Since the launch of the United Nation’s Sustainable Development Goals, education policy has put increasing emphasis on quality education. However, the precarious working conditions and demanding research culture in academia beg the question of what counts as “quality.” UK universities rank highly on international league tables but fare poorly in terms of student mental health, with students reporting anxiety, burnout, feelings of isolation, and lack of support; It is difficult to say whether the UK’s higher education system is succeeding in providing quality. This ambiguity won’t be resolved while we continue to compromise academic success and personal wellbeing in a kind of zero-sum game. What we need are transformative and sustainable solutions to the wellbeing crisis in academia, recognising academic flourishing and personal flourishing as equally essential signifiers of “quality education.”
While it is laudable that most UK universities offer programmes for stress management, resilience building, and emotional wellbeing, such individual coping strategies distract from the root issue at hand. Academic workload hardly allows for engagement with support services and programmes. Looking after yourself presents yet another chore on the list; it feels like a battle against the work culture in which we find ourselves. It’s time we came up with interventions addressing the underlying problem, not just its symptoms.

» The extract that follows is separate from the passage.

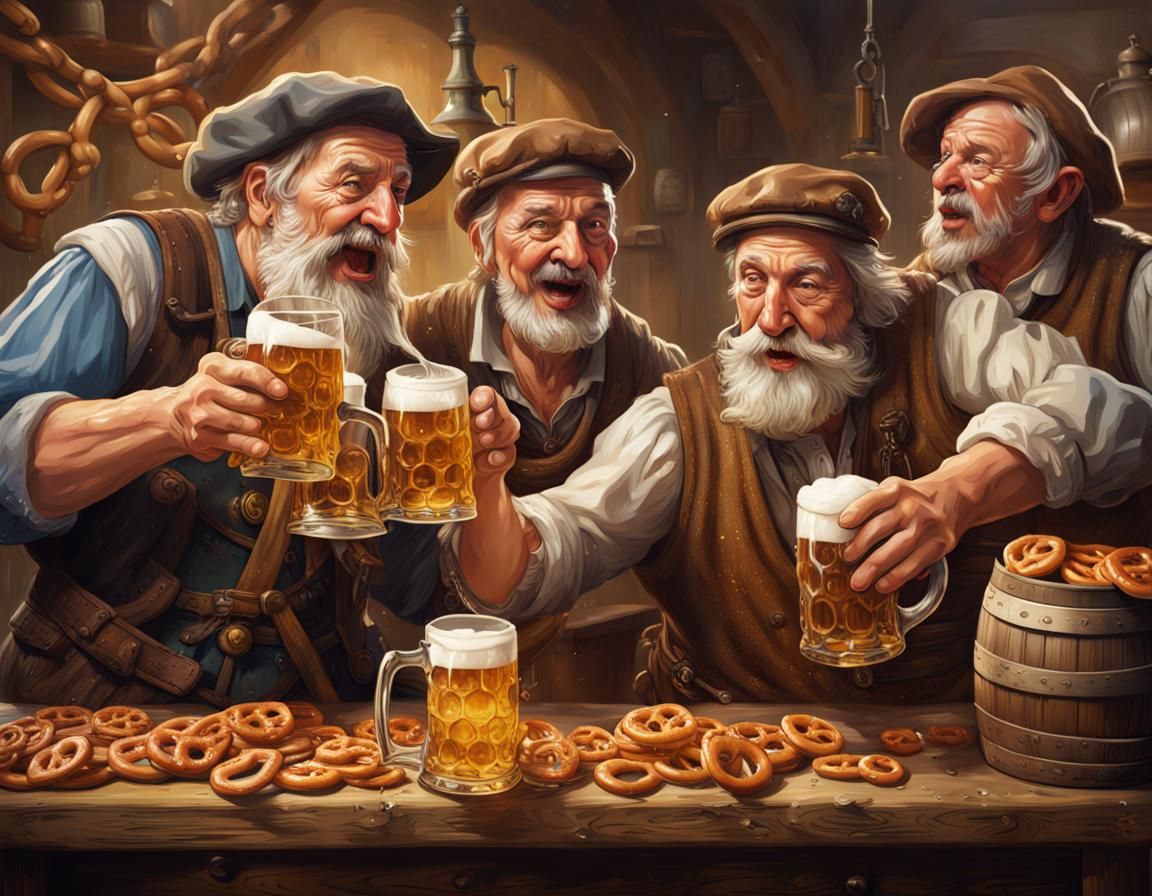 Old German Villagers Enjoying Beer and Pretzels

The Student circulated a survey on the impact of university learning on student mental health. One respondent laments the lack of “time to reflect” and having to “[move] on to the next thing so quickly” in their learning. That “faster learning” is valued among students as the biggest benefit of AI illustrates this ever-accelerating research culture. In addition, respondents flag experiences of academic pressure, social pressure, pressure from family, and self-imposed pressure. Respondents mention wanting more time for friends and societies, reading and additional academic events, being outdoors and exploring the city, and cooking.
Considering some of the greatest ideas were born outside lecture halls and libraries, none of these leisurely ways of spending time need to impede academic development. The growing “slow scholarship” movement reminds us that time spent “just reading”, “just contemplating”, and “just observing” are essential for research. In Slow Scholarship: Medieval Research and the Neoliberal University, Catherine E. Karkov writes: “[slow scholarship] is a means first and foremost of reclaiming time.” Could the university systematically reclaim time for slow, deep, and informal learning?
The university struggles to reclaim time because it faces pressures as well. One of these pressures is the growing accountability regime around quality education. To secure top rankings—and thereby attract fee-paying students, external funding, and reputable staff—universities must meet various criteria. For instance, QS World University Rankings prioritise faculty citations, graduate employability, and an international profile. Meanwhile, student experience is reduced to student-teacher ratios, making up a mere 10 per cent of the overall evaluation. Krakov observes: “if we are kept busy […] trying to achieve ‘better’ (and demonstrating how we are doing it), we will not have time to think, talk, meet, plot, upset the status quo and […] to create the universities in which we would really like to work.” Gradually, the neoliberalised university has given up agency in determining its own work culture. In the process, it has shifted responsibility for maintaining wellbeing onto individuals who are “free” to engage in self-help programmes.
The neoliberal fix for deteriorating student mental health only goes so far. Concerning statistics must be viewed as a problem of philosophical nature. Rather than introducing more wellbeing programmes, we should ask: what is higher education for? What kind of education do we wish to achieve? And, importantly, how do we ensure student voice in the process of articulating answers to both? Open discourse about the issue, senior academics modelling healthy practices, and involving students in curriculum co-creation might be more transformative and more sustainable solutions to the wellbeing crisis in academia.